Discover Friedrich Nietzsche’s Curious Typewriter, the “Malling-Hansen Writing Ball” (Circa 1881)

During his final decade, Friedrich Nietzsche’s worsening constitution continued to plague the philosopher. In addition to having suffered from incapacitating indigestion, insomnia, and migraines for much of his life, the 1880s brought about a dramatic deterioration in Nietzsche’s eyesight, with a doctor noting that his “right eye could only perceive mistaken and distorted images.”

Nietzsche himself declared that writing and reading for more than twenty minutes had grown excessively painful. With his intellectual output reaching its peak during this period, the philosopher required a device that would let him write while making minimal demands on his vision.

So he sought to buy a typewriter in 1881. Although he was aware of Remington typewriters, the ailing philosopher looked for a model that would be fairly portable, allowing him to travel, when necessary, to more salubrious climates. The Malling-Hansen Writing Ball seemed to fit the bill:

In Dieter Eberwein’s free Nietzches Screibkugel e-book, the vice president of the Malling-Hansen Society explains that the writing ball was the closest thing to a 19th century laptop. The first commercially-produced typewriter, the writing ball was the 1865 creation of Danish inventor Rasmus Malling-Hansen, and was shown at the 1878 Paris Universal Exhibition to journalistic acclaim:

"In the year 1875, a quick writing apparatus, designed by Mr. L. Sholes in America, and manufactured by Mr. Remington, was introduced in London. This machine was superior to the Malling-Hansen writing apparatus; but the writing ball in its present form far excels the Remington machine. It secures greater rapidity, and its writing is clearer and more precise than that of the American instrument. The Danish apparatus has more keys, is much less complicated, built with greater precision, more solid, and much smaller and lighter than the Remington, and moreover, is cheaper."

Despite his initial excitement, Nietzsche quickly grew tired of the intricate contraption. According to Eberwein, the philosopher struggled with the device after it was damaged during a trip to Genoa; an inept mechanic trying to make the necessary repairs may have broken the writing ball even further. Still, Nietzsche typed some 60 manuscripts on his writing ball, including what may be the most poignant poetic treatment of typewriters to date:

“THE WRITING BALL IS A THING LIKE ME:

MADE OF IRON YET EASILY TWISTED ON JOURNEYS.

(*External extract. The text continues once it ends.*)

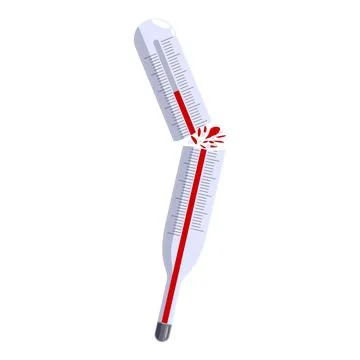Broken mercury thermometer is measuring extreme temperature Stock Illustration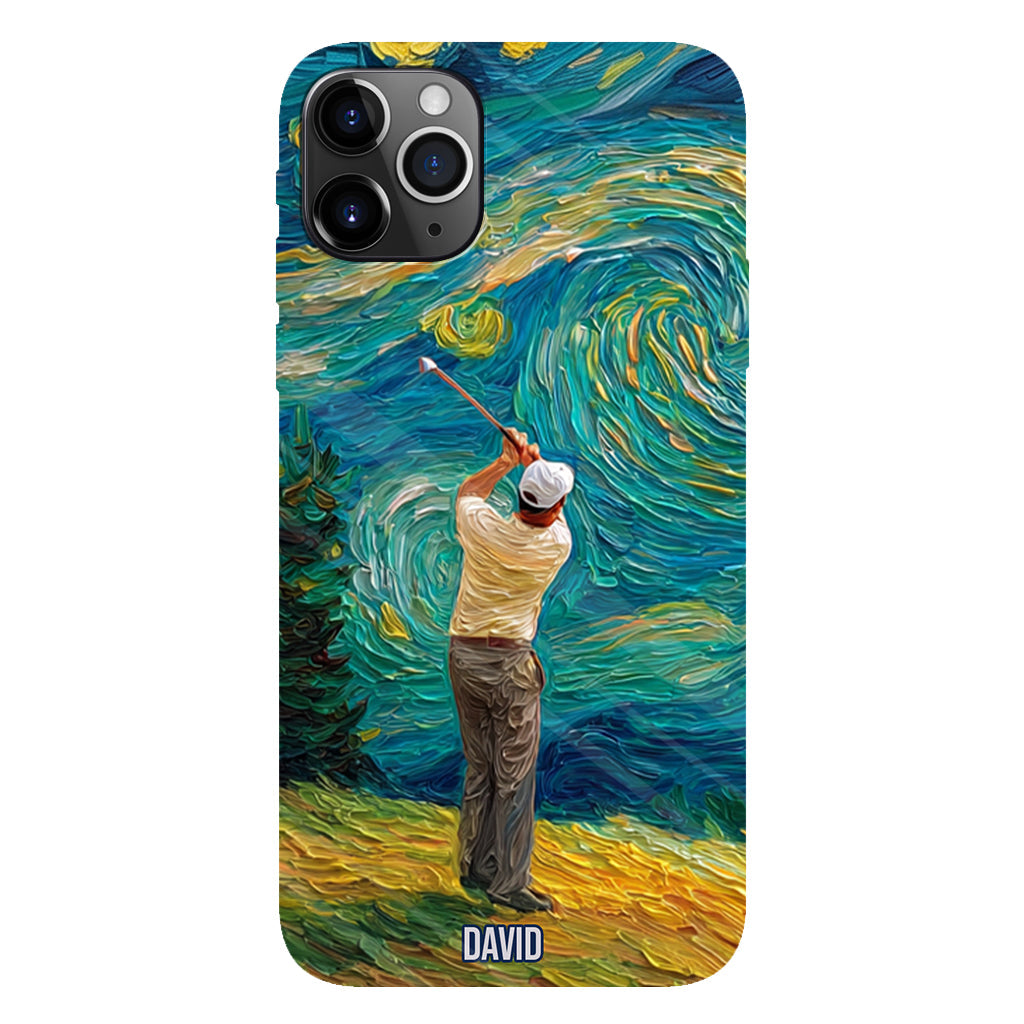 Golfing Under Starry Night - Personalized Golf Full Print Phone Case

PATIENCE AND TACT ARE REQUIRED IN ABUNDANCE

AS WELL AS FINE FINGERS TO USE US."

In addition to viewing several of Nietzsche’s original typescripts at the Malling-Hansen Society website, those wanting a closer look at Nietzsche’s model can view it in the video below.

Note: This post originally appeared on our site in December 2013.

Ilia Blinderman is a Montreal-based culture and science writer. Follow him at @iliablinderman.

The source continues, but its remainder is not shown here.